# What the task asks
In the records below, find the line containing "Thumbnail - Ugg Pantoletten Tazz beige" and the line containing "Ballonnen 30 cm"; please repeat exactly the lines from one to the other, both included, and nothing more.

Stored entries
- - - - -

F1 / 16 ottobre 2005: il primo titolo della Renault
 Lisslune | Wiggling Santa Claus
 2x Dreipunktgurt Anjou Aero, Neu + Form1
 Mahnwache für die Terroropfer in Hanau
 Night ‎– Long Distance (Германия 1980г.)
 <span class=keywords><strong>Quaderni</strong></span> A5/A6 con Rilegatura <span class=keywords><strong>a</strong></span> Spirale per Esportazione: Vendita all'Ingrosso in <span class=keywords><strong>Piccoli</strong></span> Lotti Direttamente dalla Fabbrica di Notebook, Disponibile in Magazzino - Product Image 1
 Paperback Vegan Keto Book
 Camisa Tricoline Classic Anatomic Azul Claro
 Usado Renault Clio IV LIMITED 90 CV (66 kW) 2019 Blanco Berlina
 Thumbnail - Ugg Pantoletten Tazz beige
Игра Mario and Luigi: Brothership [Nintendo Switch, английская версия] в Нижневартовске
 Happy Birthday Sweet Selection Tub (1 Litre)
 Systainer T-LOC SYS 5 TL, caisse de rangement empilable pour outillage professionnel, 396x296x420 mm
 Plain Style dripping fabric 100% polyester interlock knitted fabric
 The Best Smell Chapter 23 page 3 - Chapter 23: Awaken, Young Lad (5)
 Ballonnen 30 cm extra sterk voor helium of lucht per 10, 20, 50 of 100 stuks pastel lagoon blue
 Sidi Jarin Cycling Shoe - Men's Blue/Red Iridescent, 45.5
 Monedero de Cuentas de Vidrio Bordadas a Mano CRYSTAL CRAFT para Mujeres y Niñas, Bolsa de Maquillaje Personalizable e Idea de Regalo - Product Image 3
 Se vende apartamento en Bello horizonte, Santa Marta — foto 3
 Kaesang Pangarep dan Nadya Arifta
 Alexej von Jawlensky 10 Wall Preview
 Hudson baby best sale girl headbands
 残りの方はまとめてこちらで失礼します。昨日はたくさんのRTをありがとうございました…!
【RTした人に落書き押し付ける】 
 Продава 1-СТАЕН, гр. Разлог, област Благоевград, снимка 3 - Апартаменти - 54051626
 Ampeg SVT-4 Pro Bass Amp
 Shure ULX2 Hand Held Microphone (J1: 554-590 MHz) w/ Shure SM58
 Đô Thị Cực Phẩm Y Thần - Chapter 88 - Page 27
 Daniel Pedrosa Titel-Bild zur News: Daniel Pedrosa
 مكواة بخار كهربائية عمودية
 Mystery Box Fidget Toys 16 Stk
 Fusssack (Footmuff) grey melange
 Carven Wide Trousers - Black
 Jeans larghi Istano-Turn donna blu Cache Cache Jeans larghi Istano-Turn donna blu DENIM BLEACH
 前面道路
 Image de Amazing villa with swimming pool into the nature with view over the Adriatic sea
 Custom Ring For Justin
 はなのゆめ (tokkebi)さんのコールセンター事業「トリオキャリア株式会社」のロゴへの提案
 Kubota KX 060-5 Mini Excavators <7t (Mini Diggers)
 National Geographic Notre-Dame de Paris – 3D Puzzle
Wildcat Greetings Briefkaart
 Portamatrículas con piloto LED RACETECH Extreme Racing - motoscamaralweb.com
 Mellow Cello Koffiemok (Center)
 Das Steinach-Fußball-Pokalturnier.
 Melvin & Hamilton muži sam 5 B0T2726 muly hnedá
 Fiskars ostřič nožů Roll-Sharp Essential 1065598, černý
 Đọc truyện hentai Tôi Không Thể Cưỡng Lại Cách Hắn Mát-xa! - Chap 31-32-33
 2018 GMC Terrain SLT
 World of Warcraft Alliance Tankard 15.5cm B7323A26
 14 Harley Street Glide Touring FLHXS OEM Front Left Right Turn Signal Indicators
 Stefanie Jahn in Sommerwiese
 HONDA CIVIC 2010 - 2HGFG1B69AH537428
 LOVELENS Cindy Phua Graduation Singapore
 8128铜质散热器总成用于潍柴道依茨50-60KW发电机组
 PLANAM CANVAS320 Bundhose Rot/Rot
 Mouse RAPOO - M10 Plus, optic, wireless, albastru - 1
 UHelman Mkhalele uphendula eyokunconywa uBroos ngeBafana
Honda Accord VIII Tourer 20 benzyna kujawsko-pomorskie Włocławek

- - - - -

# Result
 Thumbnail - Ugg Pantoletten Tazz beige
Игра Mario and Luigi: Brothership [Nintendo Switch, английская версия] в Нижневартовске
 Happy Birthday Sweet Selection Tub (1 Litre)
 Systainer T-LOC SYS 5 TL, caisse de rangement empilable pour outillage professionnel, 396x296x420 mm
 Plain Style dripping fabric 100% polyester interlock knitted fabric
 The Best Smell Chapter 23 page 3 - Chapter 23: Awaken, Young Lad (5)
 Ballonnen 30 cm extra sterk voor helium of lucht per 10, 20, 50 of 100 stuks pastel lagoon blue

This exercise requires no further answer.